Ach nee, de hemel is niet pikzwart. Ik zie wolken die een toverachtig grijs deken over de duisternis spreiden. Een gigantische teleurstelling. Sterren zijn nauwelijks te bespeuren alsof ze ons met gesmoorde stem proberen duidelijk te maken: vergeet die mooie momenten. Dromen zijn bedrog en nieuwjaarswensen vluchtig. Ze worden nooit gerealiseerd. Staan jullie niet met beide benen op de grond misschien? De nieuwjaarsnacht waarnaar we verlangen wordt niet op bestelling afgeleverd hoe graag we het ook zouden willen en optimisme is niet meer gerechtvaardigd na de rampspoed van de afgelopen maanden.

De stilte die ik meende te horen wordt nu met vlagen verbroken door de ‘Marie Louise’ van Willy Sommers en enthousiast klinkende stemmen. De poes van de buren schuurt langs mijn benen alsof ze me nu al een knuffel wil geven vooraleer anderen het overnemen als de hel losbarst. Ik streel ze over haar warme pels waarna ze zich zachtjes miauwend naar de aangrenzende tuin begeeft.

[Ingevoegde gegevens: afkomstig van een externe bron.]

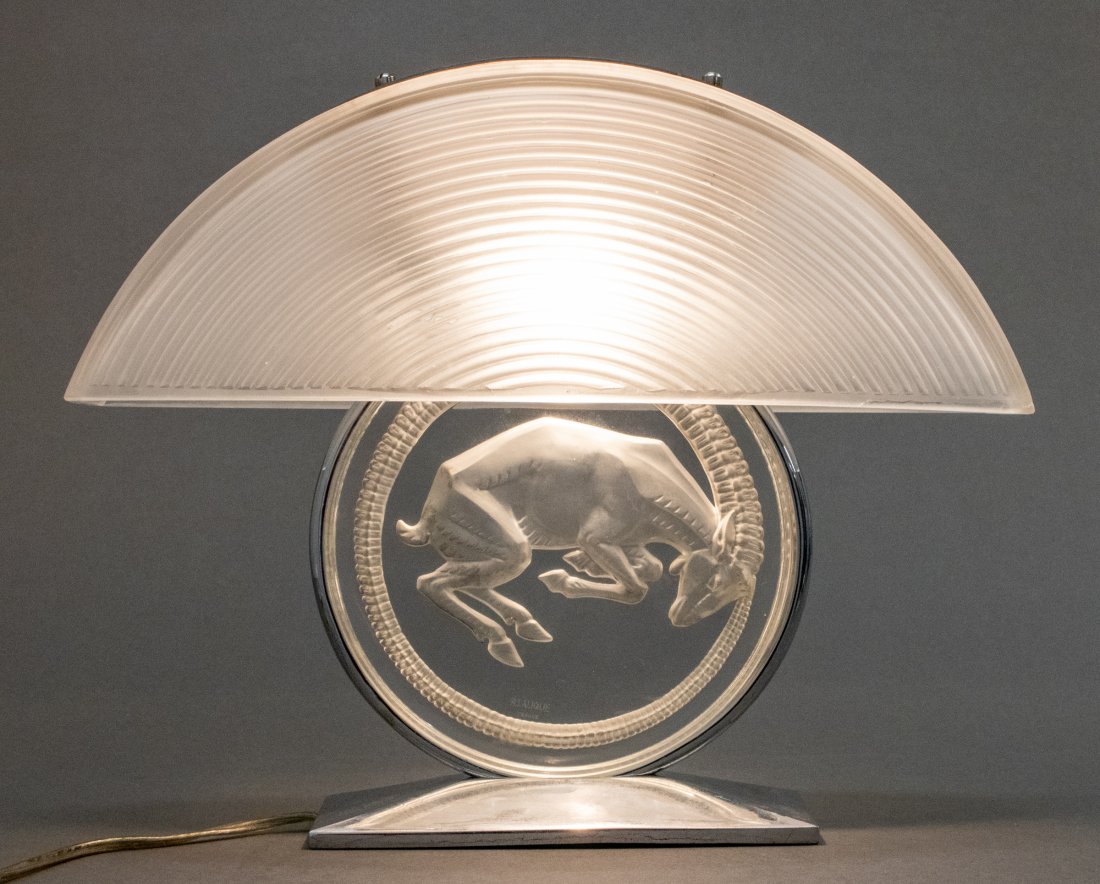 R. Lalique "Belier" Art Deco Art Glass Lamp (1 of 19)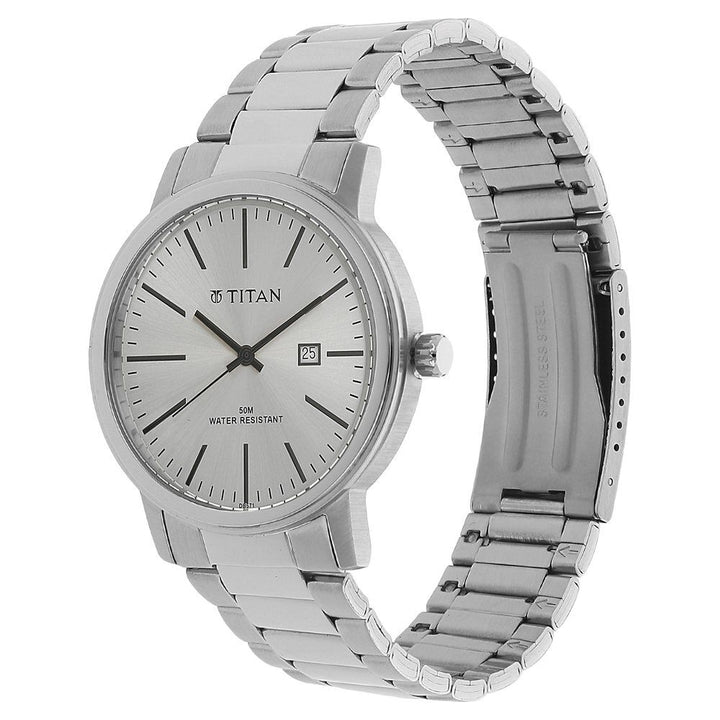 Titan Quartz Analog with Date Black Dial Metal Strap Watch for Men-NK9440SM01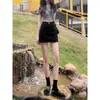 Falda de Mezclilla Negra Falda para Mujer 2023 Nuevo Verano Cintura Alta Slim A-line Falda Vaina Anti-caminar para Mujer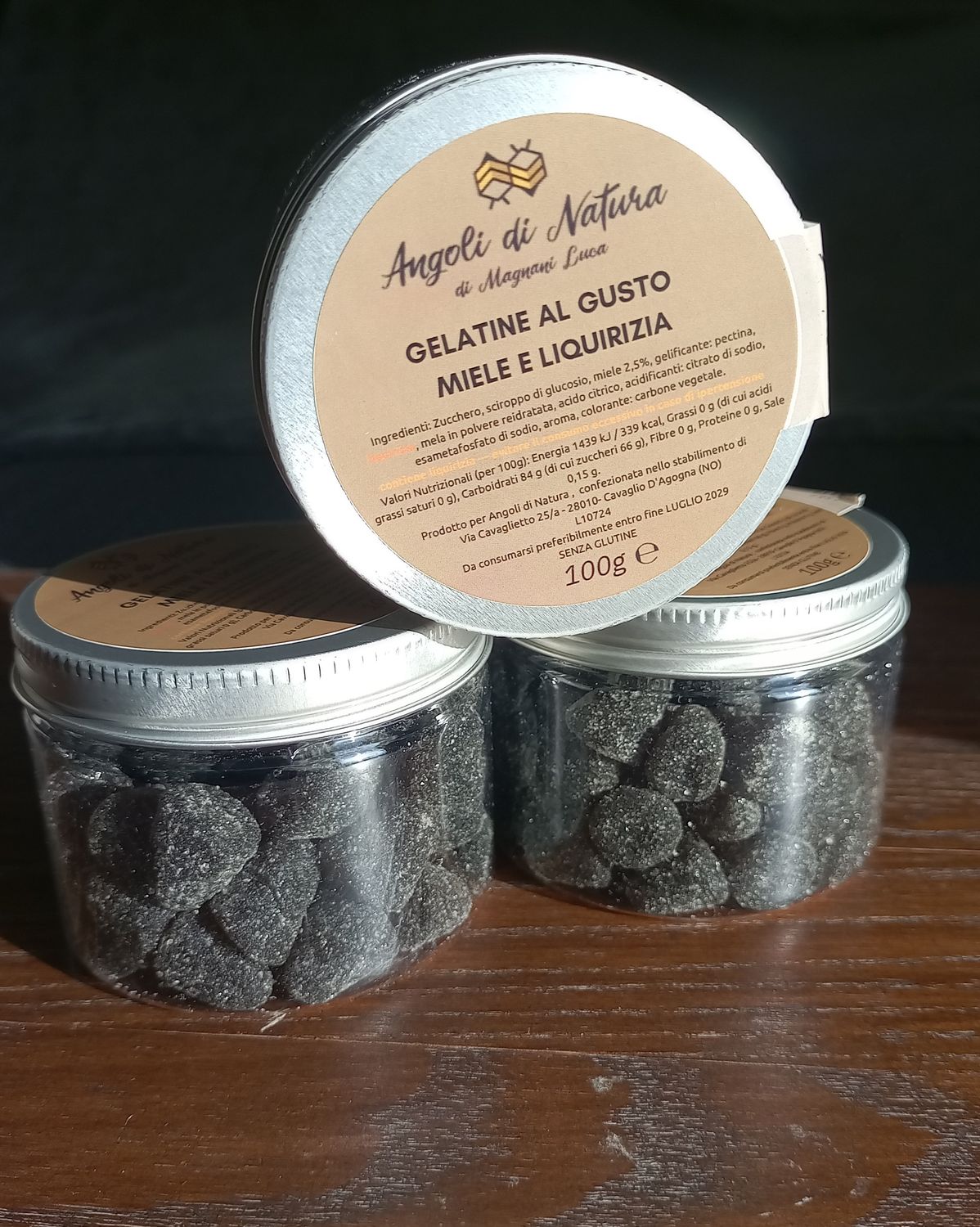 Gelatine MINI gusto LIQUIRIZIA, barattolo da 100 g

Ik denk aan de alleenstaande die misschien, net als ik, naar de hemel staart en op vrolijker tijden hoopt, maar wel de nieuwjaarsnacht zo vlug mogelijk voorbij wil zien trekken. Mijn eenzaamheid heb ik voor even gekozen, hij niet. Ik kan nu binnengaan, opnieuw deelnemen aan de geanimeerde gesprekken van familie en vrienden en het glas heffen op het nieuwe jaar. Op hem wacht evenwel niemand. Hij is veroordeeld tot een eenzame opsluiting van onbepaalde duur. Ik voel een melancholische bui op me afkomen en haast me naar de woonkamer vooraleer ze helemaal bezit van mij neemt. Zal ik vanavond de zatte nonkel spelen?